**What the exercise asks**
Would you repeat the whole listing exactly, pictures excluded?

**Source material**
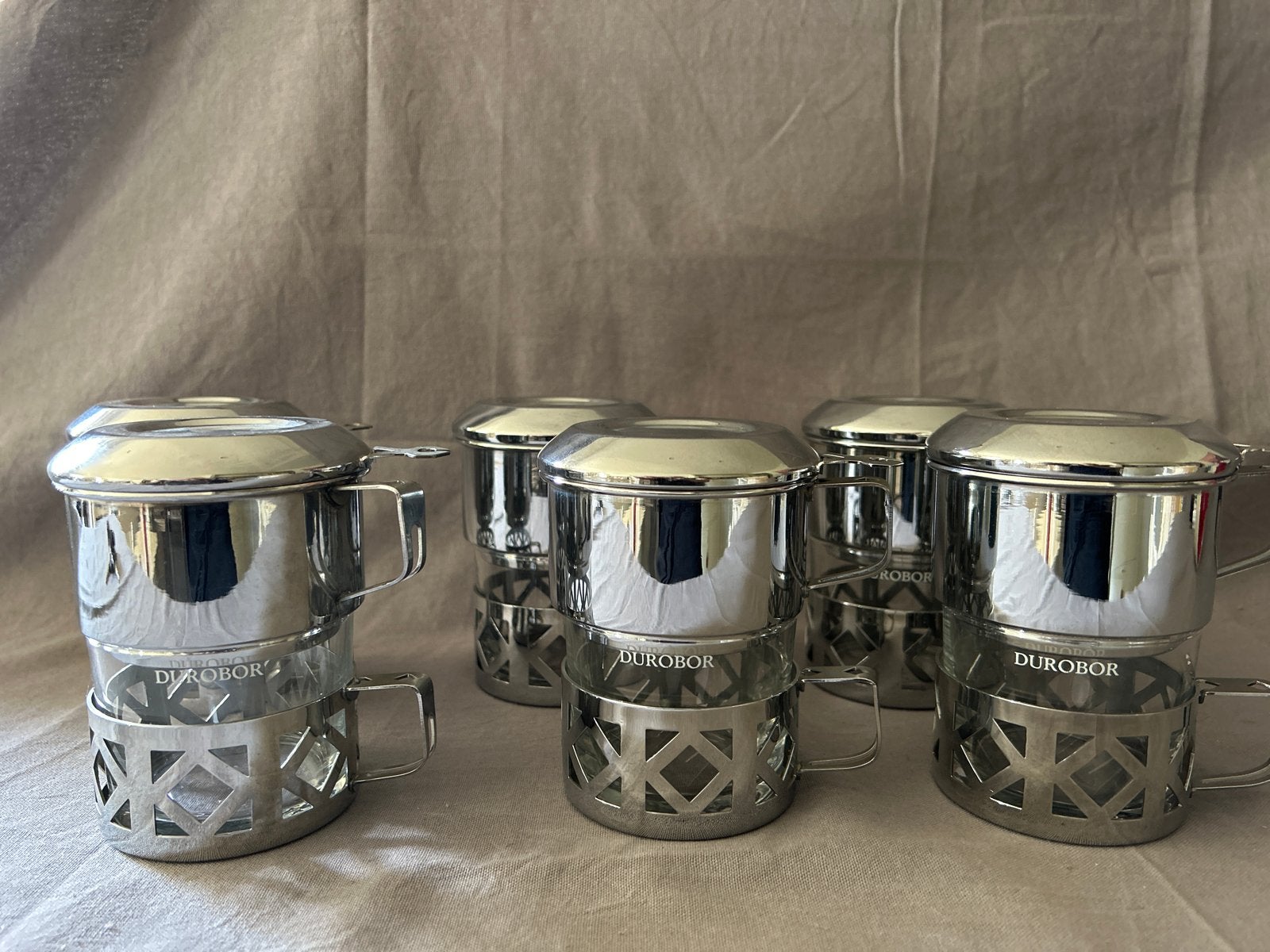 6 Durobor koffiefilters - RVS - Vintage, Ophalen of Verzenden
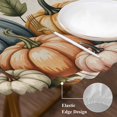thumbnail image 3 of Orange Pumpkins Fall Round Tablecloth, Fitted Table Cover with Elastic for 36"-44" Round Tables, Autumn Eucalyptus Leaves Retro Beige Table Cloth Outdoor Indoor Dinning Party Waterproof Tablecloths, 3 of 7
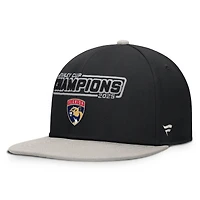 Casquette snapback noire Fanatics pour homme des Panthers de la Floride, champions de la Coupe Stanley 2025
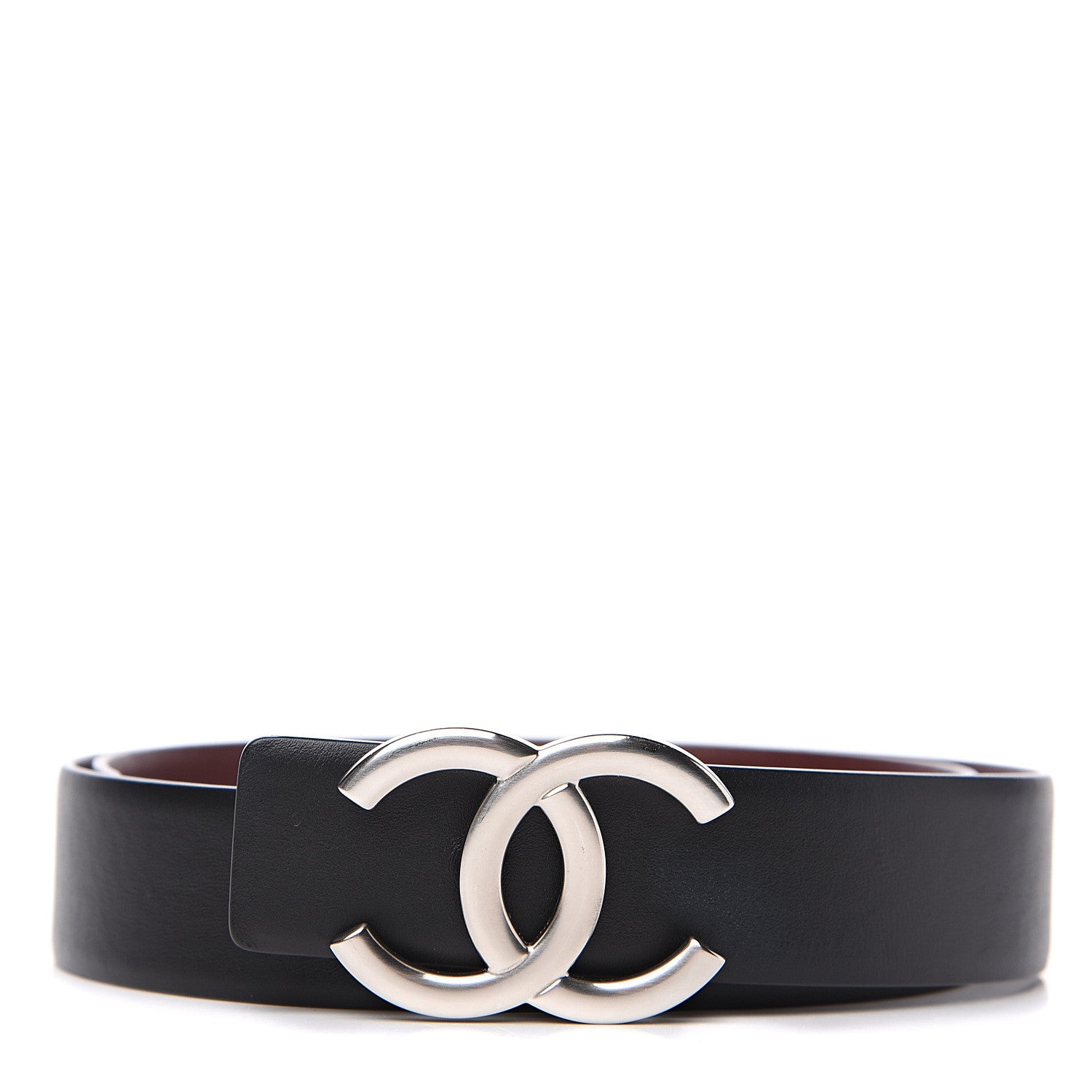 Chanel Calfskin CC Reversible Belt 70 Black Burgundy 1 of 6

**Problem solution**
 6 Durobor koffiefilters - RVS - Vintage, Ophalen of Verzenden
thumbnail image 3 of Orange Pumpkins Fall Round Tablecloth, Fitted Table Cover with Elastic for 36"-44" Round Tables, Autumn Eucalyptus Leaves Retro Beige Table Cloth Outdoor Indoor Dinning Party Waterproof Tablecloths, 3 of 7
 Casquette snapback noire Fanatics pour homme des Panthers de la Floride, champions de la Coupe Stanley 2025
 Chanel Calfskin CC Reversible Belt 70 Black Burgundy 1 of 6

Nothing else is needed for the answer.